▶ **Task input**
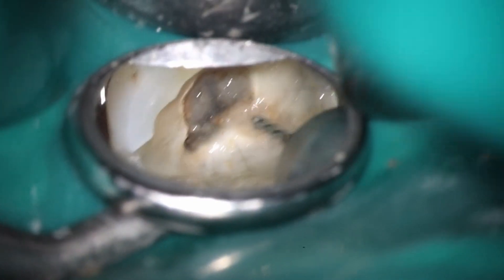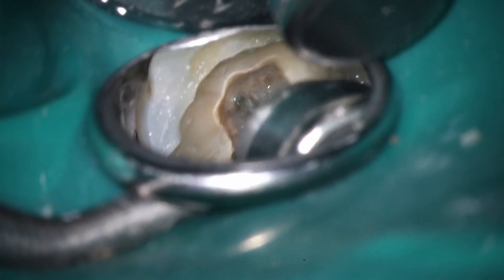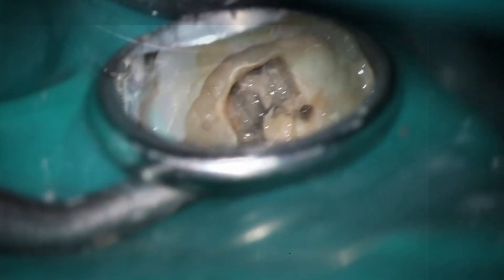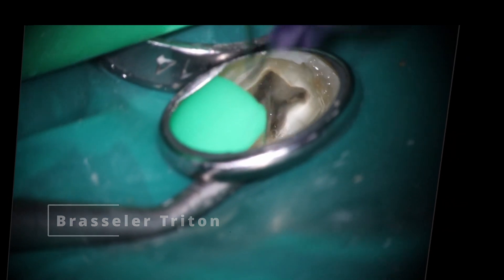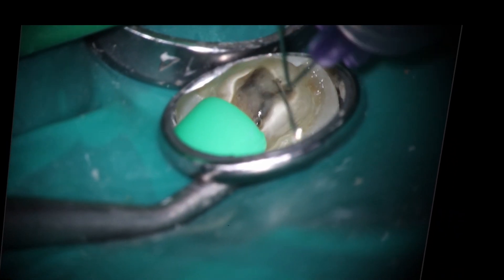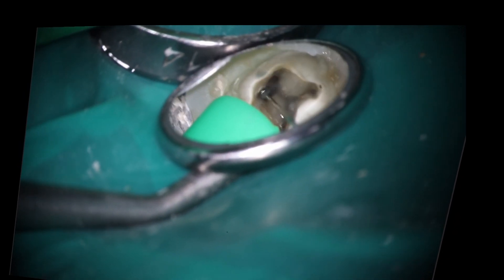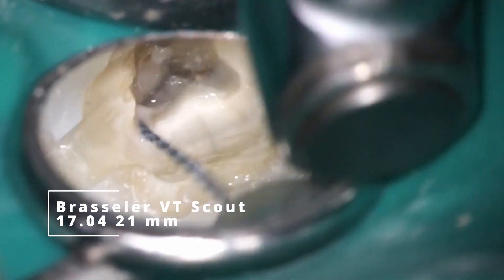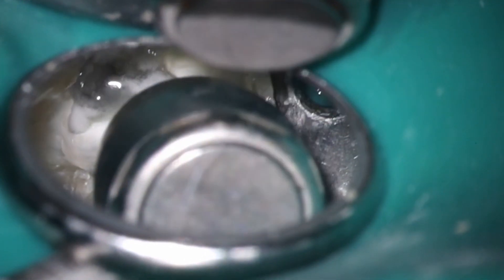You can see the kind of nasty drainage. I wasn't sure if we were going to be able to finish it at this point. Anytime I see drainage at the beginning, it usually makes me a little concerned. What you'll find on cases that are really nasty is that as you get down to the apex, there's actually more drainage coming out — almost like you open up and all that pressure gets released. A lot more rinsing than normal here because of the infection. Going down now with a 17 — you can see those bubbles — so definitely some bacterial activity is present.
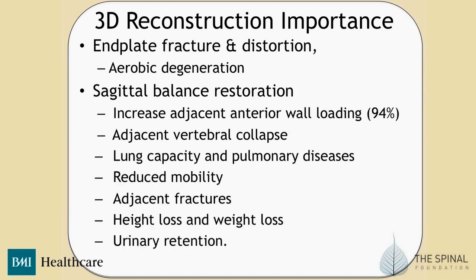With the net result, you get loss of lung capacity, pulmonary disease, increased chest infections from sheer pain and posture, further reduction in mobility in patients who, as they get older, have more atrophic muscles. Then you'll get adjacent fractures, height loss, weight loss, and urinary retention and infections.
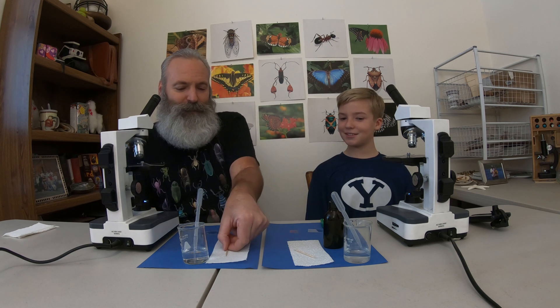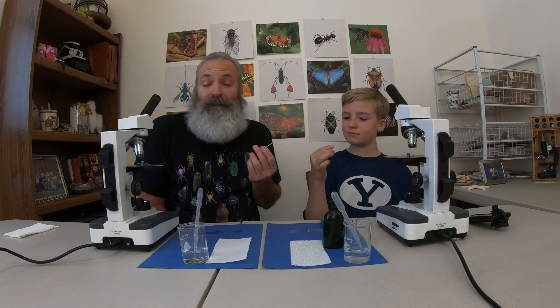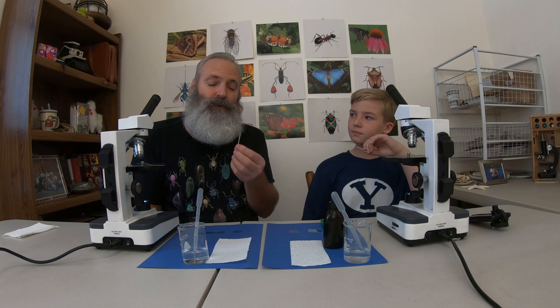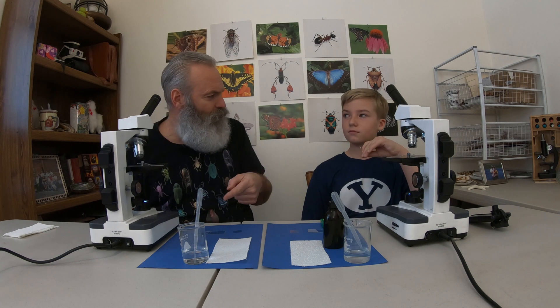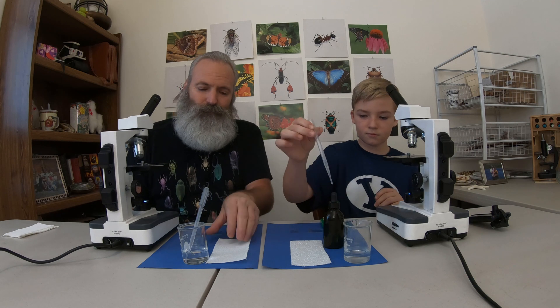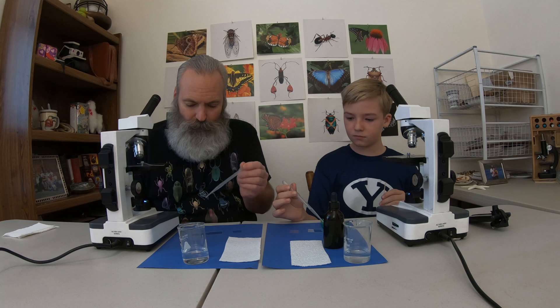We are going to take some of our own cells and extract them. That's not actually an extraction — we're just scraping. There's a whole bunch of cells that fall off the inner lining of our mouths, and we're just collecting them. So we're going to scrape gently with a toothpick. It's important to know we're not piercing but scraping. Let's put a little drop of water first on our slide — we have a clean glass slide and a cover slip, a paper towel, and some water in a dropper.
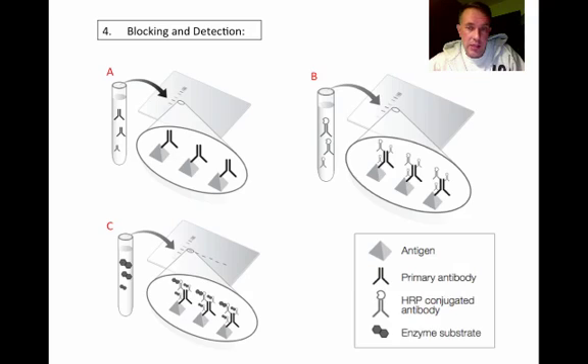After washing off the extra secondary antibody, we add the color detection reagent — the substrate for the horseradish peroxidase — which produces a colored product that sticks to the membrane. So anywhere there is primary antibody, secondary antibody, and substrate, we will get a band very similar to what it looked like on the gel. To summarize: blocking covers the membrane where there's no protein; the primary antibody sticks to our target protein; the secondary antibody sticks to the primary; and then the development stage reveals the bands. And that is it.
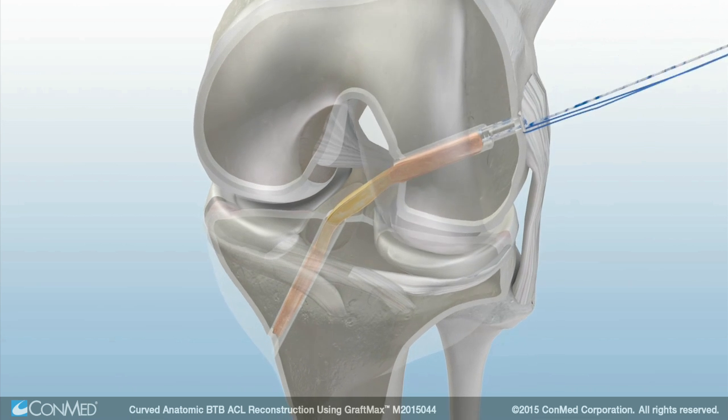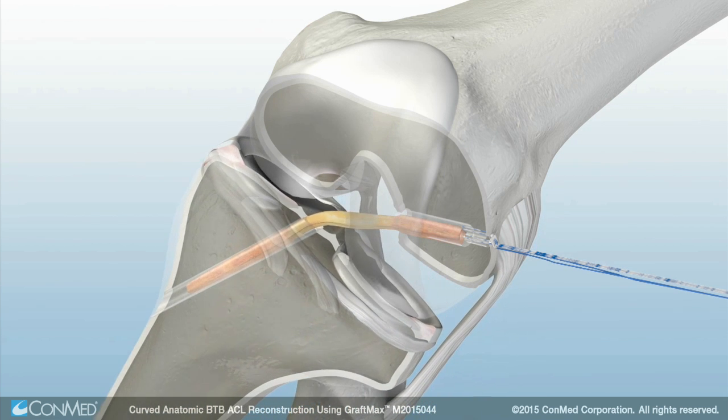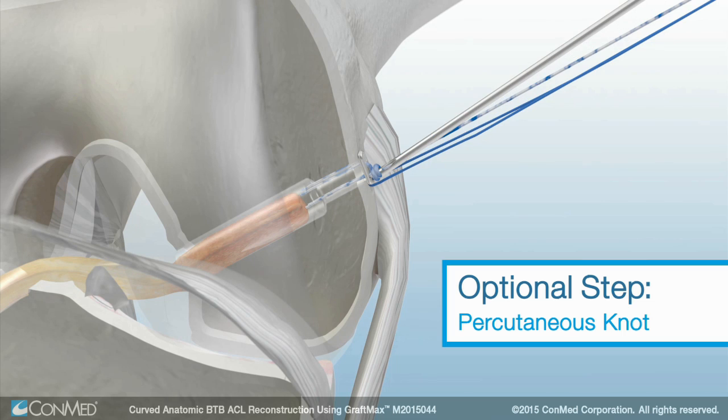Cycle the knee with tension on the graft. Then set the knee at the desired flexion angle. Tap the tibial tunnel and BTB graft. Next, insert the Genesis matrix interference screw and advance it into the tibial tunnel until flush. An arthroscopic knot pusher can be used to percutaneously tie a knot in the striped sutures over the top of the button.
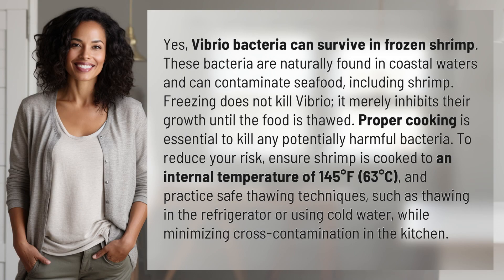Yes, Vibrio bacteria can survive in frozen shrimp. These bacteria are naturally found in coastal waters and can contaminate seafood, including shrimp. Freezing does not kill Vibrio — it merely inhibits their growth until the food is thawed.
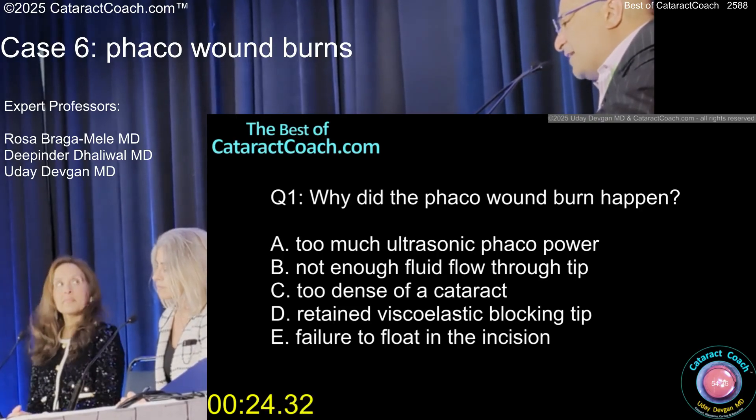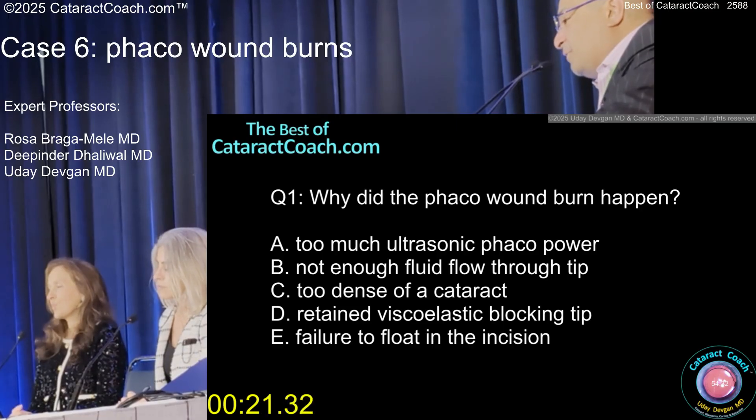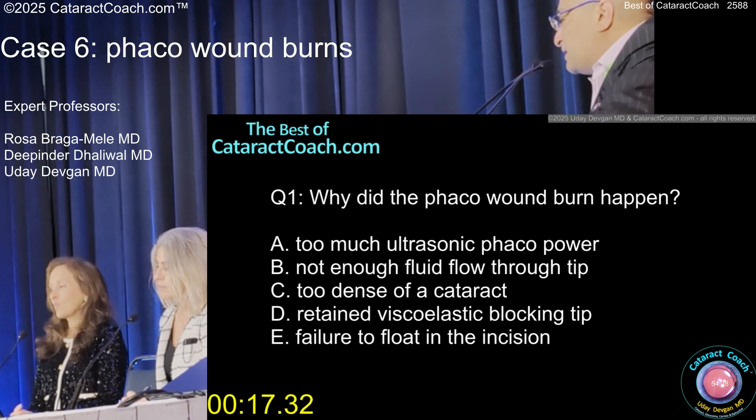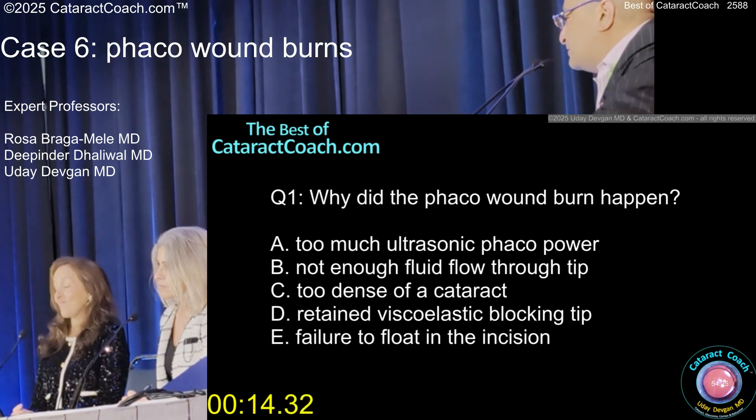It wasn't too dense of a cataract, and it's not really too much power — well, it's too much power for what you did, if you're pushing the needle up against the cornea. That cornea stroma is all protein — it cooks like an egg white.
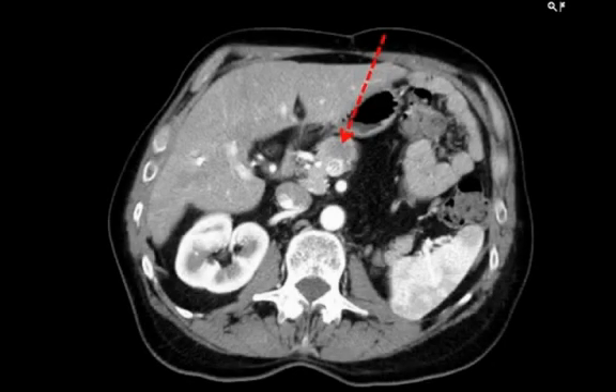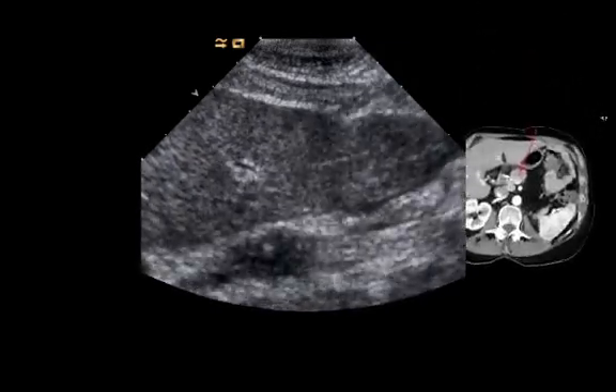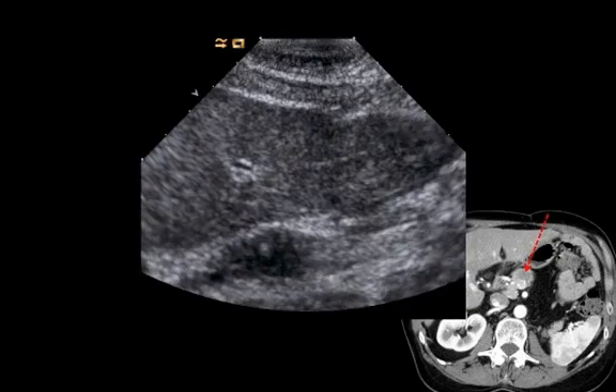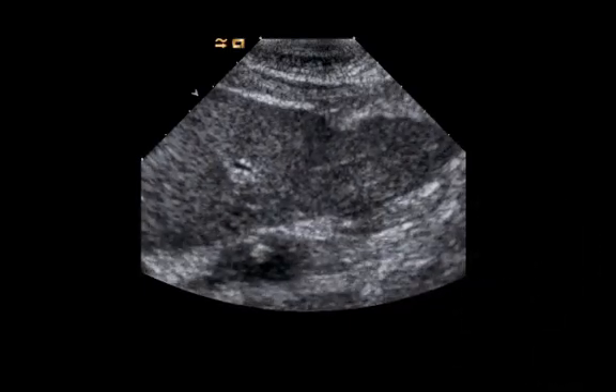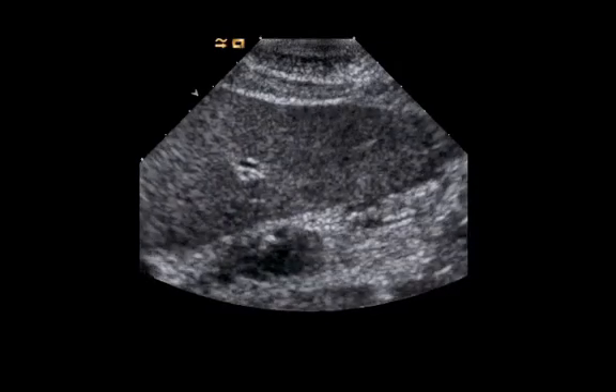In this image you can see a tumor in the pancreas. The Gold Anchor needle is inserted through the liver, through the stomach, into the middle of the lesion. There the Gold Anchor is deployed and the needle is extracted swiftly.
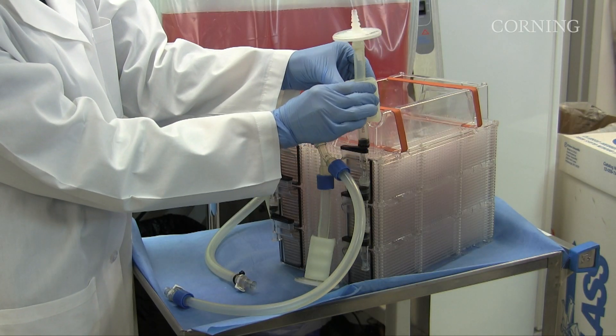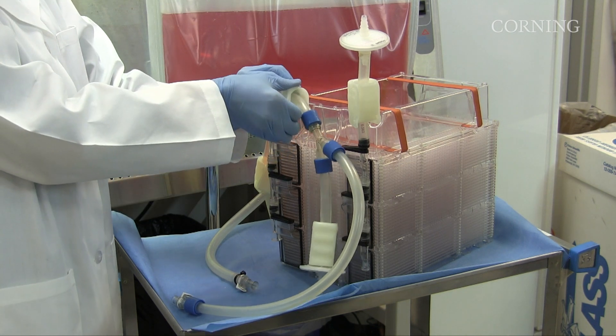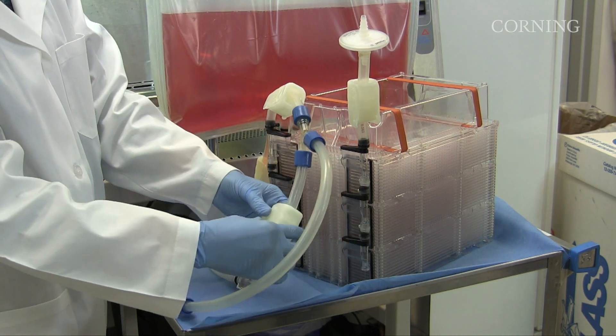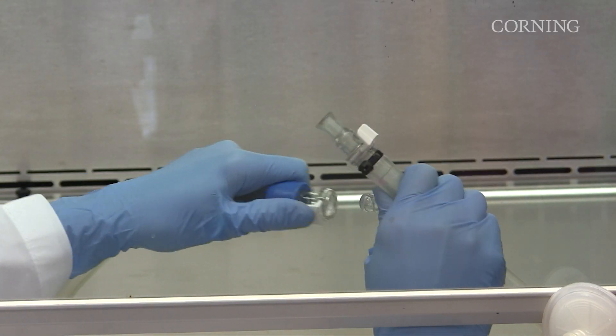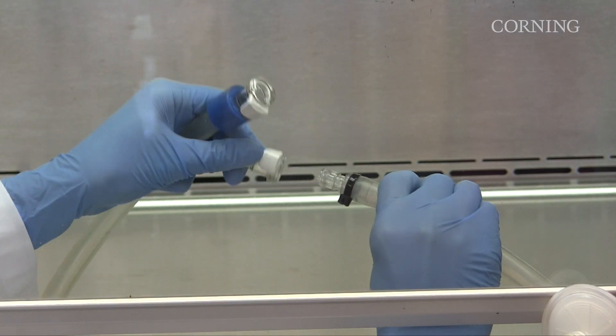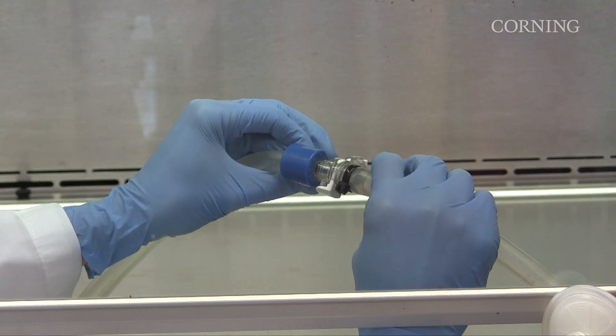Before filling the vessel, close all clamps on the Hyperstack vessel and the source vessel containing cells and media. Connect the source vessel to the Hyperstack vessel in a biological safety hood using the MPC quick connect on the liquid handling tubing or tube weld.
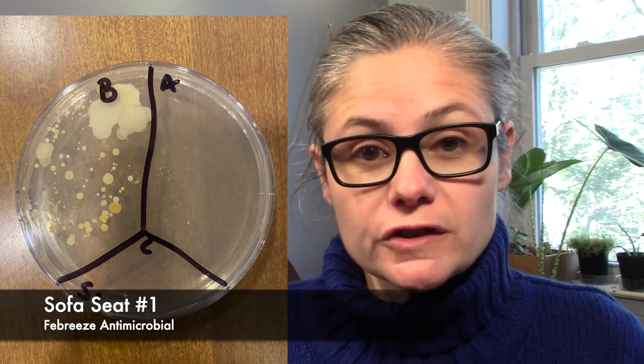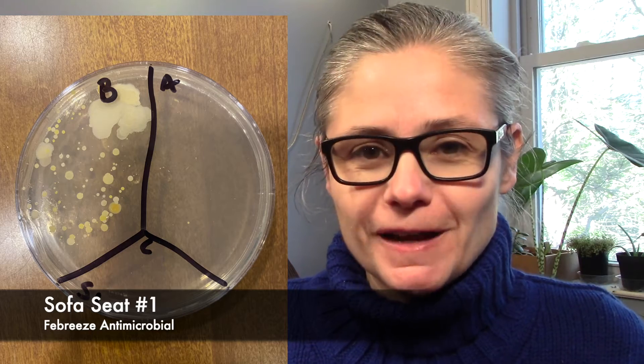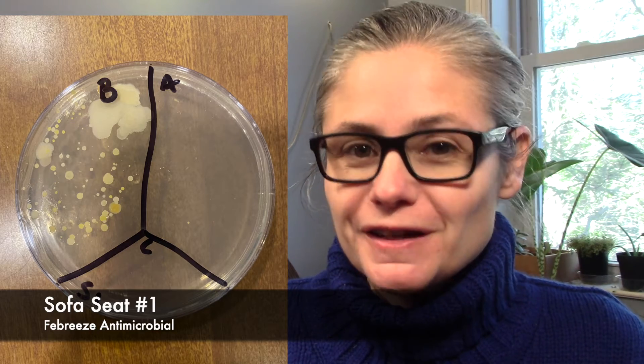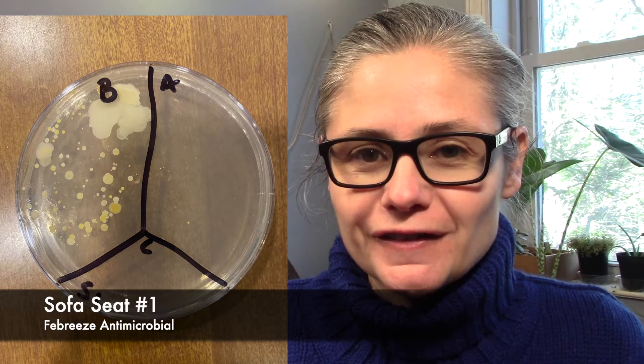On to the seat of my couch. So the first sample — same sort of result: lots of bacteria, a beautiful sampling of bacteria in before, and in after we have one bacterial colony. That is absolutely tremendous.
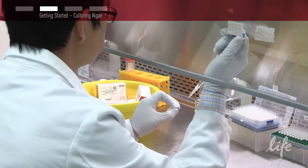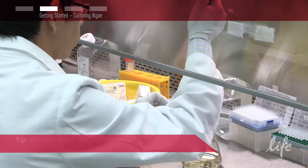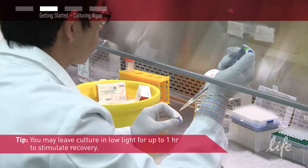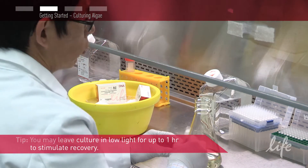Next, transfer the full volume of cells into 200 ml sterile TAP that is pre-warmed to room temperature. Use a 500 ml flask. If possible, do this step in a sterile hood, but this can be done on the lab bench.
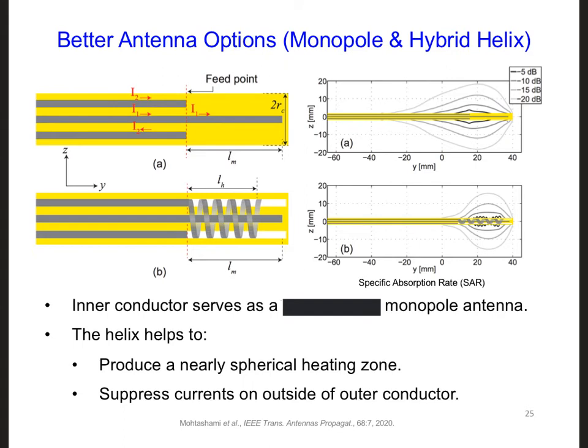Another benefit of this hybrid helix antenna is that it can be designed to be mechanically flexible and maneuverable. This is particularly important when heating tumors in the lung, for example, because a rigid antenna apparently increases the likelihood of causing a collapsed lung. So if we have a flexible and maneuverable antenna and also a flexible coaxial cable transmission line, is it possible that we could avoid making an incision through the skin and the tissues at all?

▶ **What is being asked**
Repeat the data word for word; drop the pictures.

▶ **Written response**
You can see the kind of nasty drainage. I wasn't sure if we were going to be able to finish it at this point. Anytime I see drainage at the beginning, it usually makes me a little concerned. What you'll find on cases that are really nasty is that as you get down to the apex, there's actually more drainage coming out — almost like you open up and all that pressure gets released. A lot more rinsing than normal here because of the infection. Going down now with a 17 — you can see those bubbles — so definitely some bacterial activity is present.
With the net result, you get loss of lung capacity, pulmonary disease, increased chest infections from sheer pain and posture, further reduction in mobility in patients who, as they get older, have more atrophic muscles. Then you'll get adjacent fractures, height loss, weight loss, and urinary retention and infections.
We are going to take some of our own cells and extract them. That's not actually an extraction — we're just scraping. There's a whole bunch of cells that fall off the inner lining of our mouths, and we're just collecting them. So we're going to scrape gently with a toothpick. It's important to know we're not piercing but scraping. Let's put a little drop of water first on our slide — we have a clean glass slide and a cover slip, a paper towel, and some water in a dropper.
After washing off the extra secondary antibody, we add the color detection reagent — the substrate for the horseradish peroxidase — which produces a colored product that sticks to the membrane. So anywhere there is primary antibody, secondary antibody, and substrate, we will get a band very similar to what it looked like on the gel. To summarize: blocking covers the membrane where there's no protein; the primary antibody sticks to our target protein; the secondary antibody sticks to the primary; and then the development stage reveals the bands. And that is it.
Cycle the knee with tension on the graft. Then set the knee at the desired flexion angle. Tap the tibial tunnel and BTB graft. Next, insert the Genesis matrix interference screw and advance it into the tibial tunnel until flush. An arthroscopic knot pusher can be used to percutaneously tie a knot in the striped sutures over the top of the button.
Yes, Vibrio bacteria can survive in frozen shrimp. These bacteria are naturally found in coastal waters and can contaminate seafood, including shrimp. Freezing does not kill Vibrio — it merely inhibits their growth until the food is thawed.
It wasn't too dense of a cataract, and it's not really too much power — well, it's too much power for what you did, if you're pushing the needle up against the cornea. That cornea stroma is all protein — it cooks like an egg white.
In this image you can see a tumor in the pancreas. The Gold Anchor needle is inserted through the liver, through the stomach, into the middle of the lesion. There the Gold Anchor is deployed and the needle is extracted swiftly.
Before filling the vessel, close all clamps on the Hyperstack vessel and the source vessel containing cells and media. Connect the source vessel to the Hyperstack vessel in a biological safety hood using the MPC quick connect on the liquid handling tubing or tube weld.
On to the seat of my couch. So the first sample — same sort of result: lots of bacteria, a beautiful sampling of bacteria in before, and in after we have one bacterial colony. That is absolutely tremendous.
Next, transfer the full volume of cells into 200 ml sterile TAP that is pre-warmed to room temperature. Use a 500 ml flask. If possible, do this step in a sterile hood, but this can be done on the lab bench.
Another benefit of this hybrid helix antenna is that it can be designed to be mechanically flexible and maneuverable. This is particularly important when heating tumors in the lung, for example, because a rigid antenna apparently increases the likelihood of causing a collapsed lung. So if we have a flexible and maneuverable antenna and also a flexible coaxial cable transmission line, is it possible that we could avoid making an incision through the skin and the tissues at all?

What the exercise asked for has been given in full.